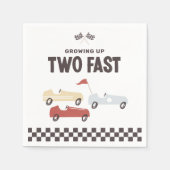 ファーストレースカー誕生日パーティー2 スタンダードカクテルナプキン (正面)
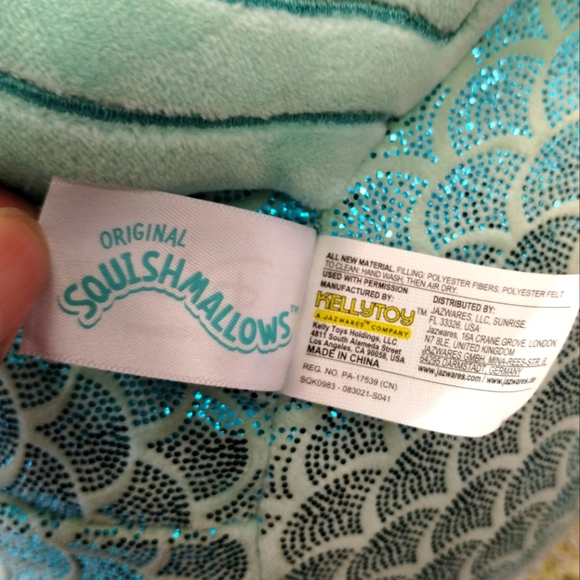 Disney Kellytoy Squishmallows 14  Ariel The Little Mermaid Plush - Picture 13 of 14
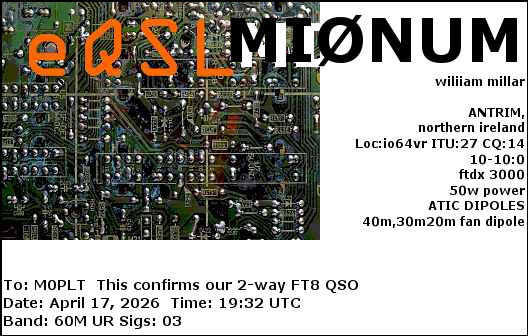 eQSL card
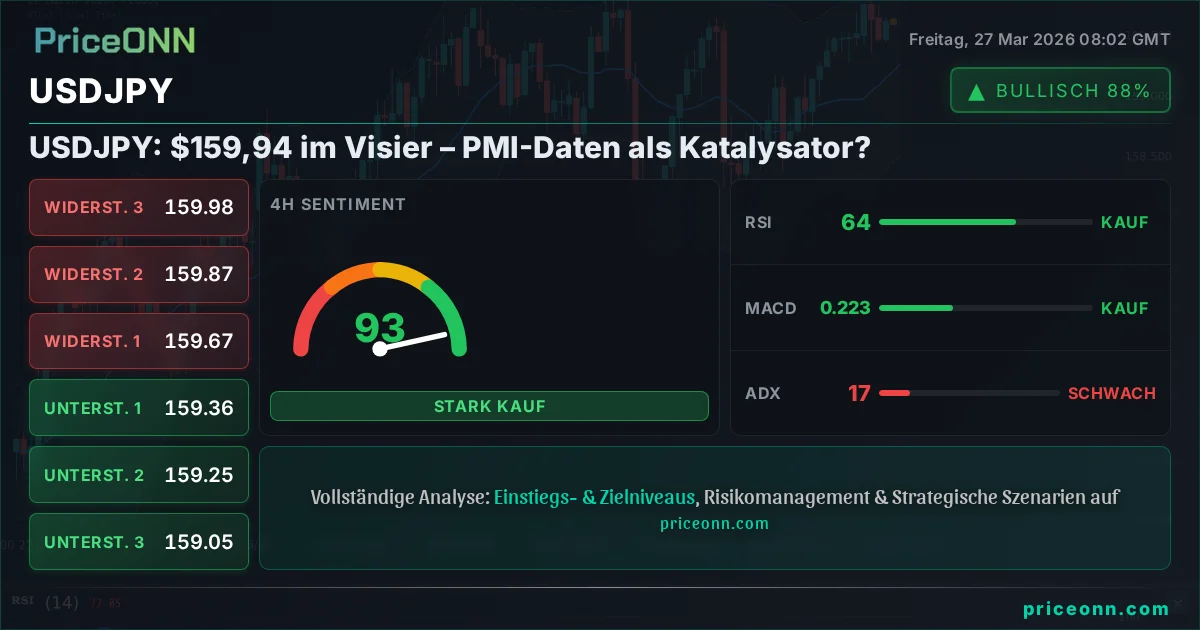 USDJPY Technische Analyse | PriceONN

WORK REQUEST: Copy every line above word for word and exclude the pictures.

EXERCISE RESPONSE:
 ファーストレースカー誕生日パーティー2 スタンダードカクテルナプキン (正面)
 Disney Kellytoy Squishmallows 14  Ariel The Little Mermaid Plush - Picture 13 of 14
 eQSL card
 USDJPY Technische Analyse | PriceONN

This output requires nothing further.